Pirates kidnap eight crew from multi-purpose ship
Jim Wilson 21 August 2019

Eight crewmen have been kidnapped and are now being held captive by West African pirates after their ship was attacked in the dead of night.

German box-ship and general-cargo ship operator MC-Schiffahrt has reported that its vessel MarMalaita, a small geared tween-decker with box capacity, was attacked at some point just before midnight on August 14. The attack took place while the ship was at anchorage off the city of Douala, in the West African country of Cameroon.

“A group of pirates boarded the vessel and abducted eight of our 12 crew members from the vessel. We have assembled our emergency response team and are doing [our] utmost to deal with the case, in cooperation with all relevant authorities and crew managers. Our thoughts reach out to the concerned families and we will take all efforts to support and assist them until the seafarers safely return back home. All respective authorities have been informed accordingly and we will fully cooperate with them until the case is resolved,” the company said in a statement.
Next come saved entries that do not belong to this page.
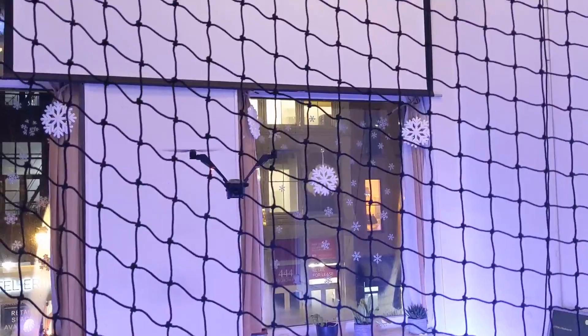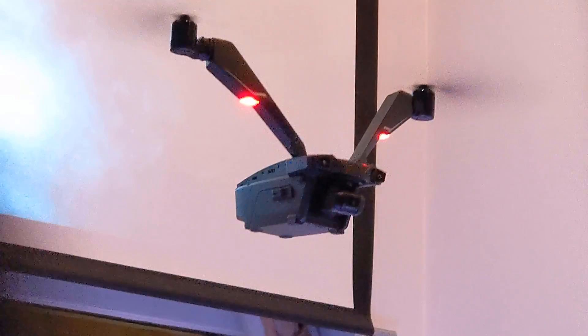As a YouTuber, I'm interested in this drone because it has a 4K camera. It records up to 30fps and it can take photos up to 12 megapixels. It also has a three-axis mechanical gimbal, so all your video will be smooth and stable.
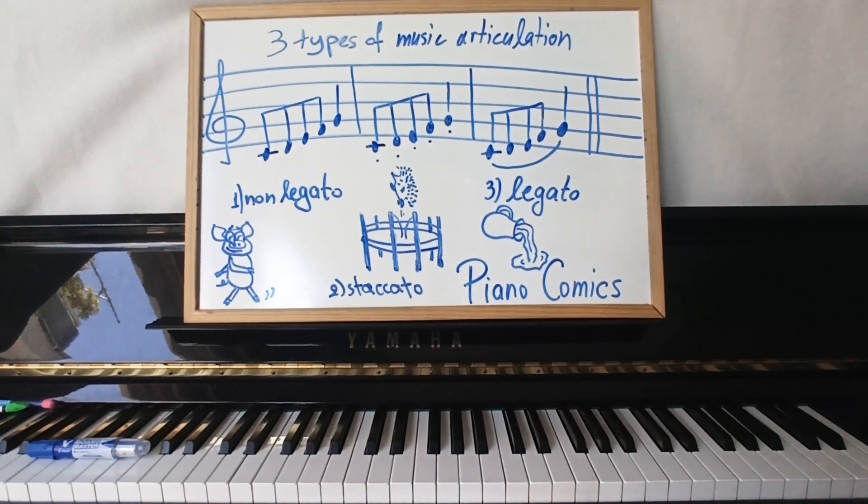Piano teachers — here is how you can show piano beginners, even on their first piano lessons, the basic three types of music articulation.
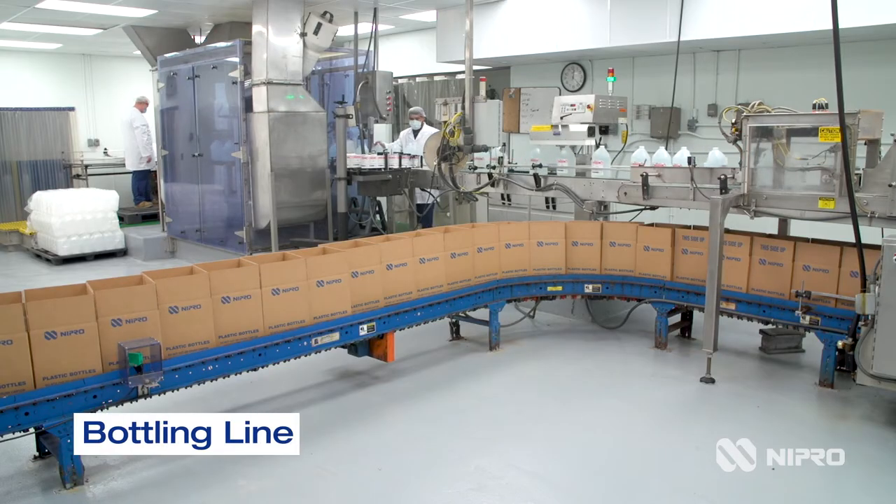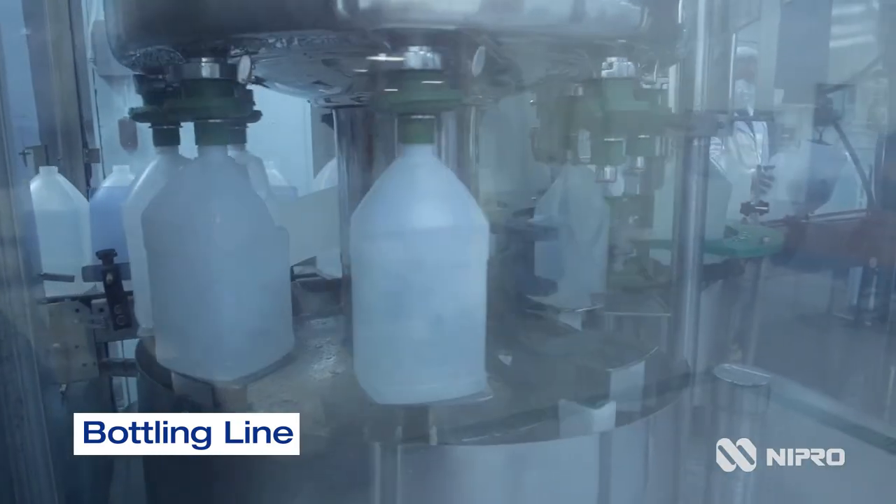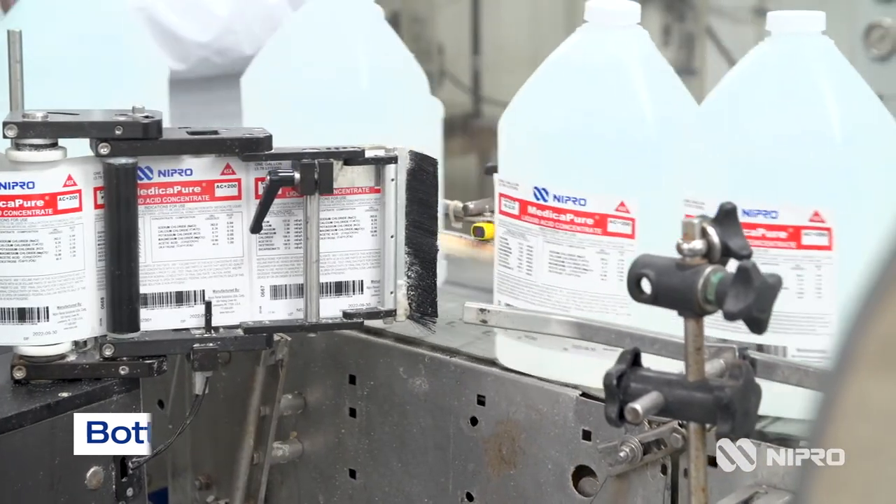At the bottling line, one-gallon bottles are filled and capped inside a clean room enclosure. They are then labeled before going through the induction sealer and packaged.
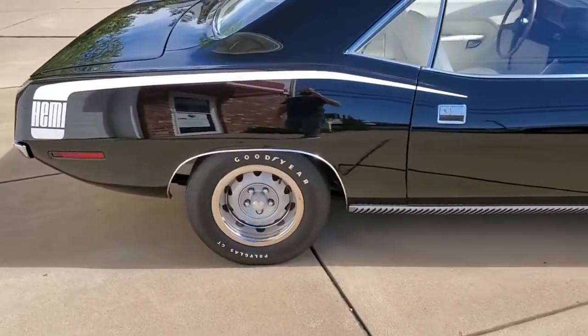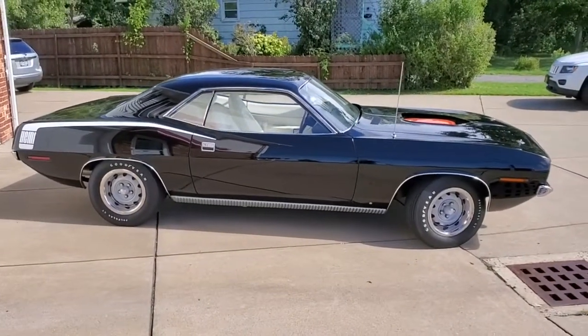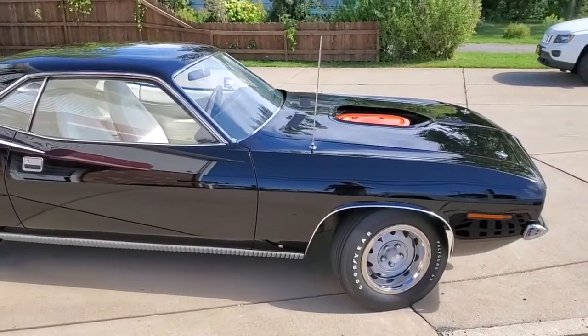How you doing everyone? It's hemi time. Just finished up with a two-day project on this car — basically a two-day paint restoration.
Built in 2002 at the Yichang Shipyard, China, the MarMalaita flies the flag of Antigua and Barbuda. It has a capacity of 10,604 deadweight. Deadweight measures, in metric tonnes, the carrying capacity of a ship. A metric tonne is equivalent to 2,204.6 U.S. pounds. The ship has 7,406 gross tons, which measures the volume of all the internal enclosed space of the ship. Gross tonnage is not a measure of weight.

MarMalaita has a nominal ocean shipping container capacity of 679 twenty foot equivalent units. It has two cranes with a lifting capacity of up to 60 metric tonnes, combinable to 120 metric tonnes. It has two holds, two hatches and a tweendeck. The ship has a length overall of 142.68 meters (468.1 feet), a breadth of 18.25 meters (60 feet) and a draught of six meters (19.7 feet). The ship has a service speed of 13 knots (approximately 15 miles per hour).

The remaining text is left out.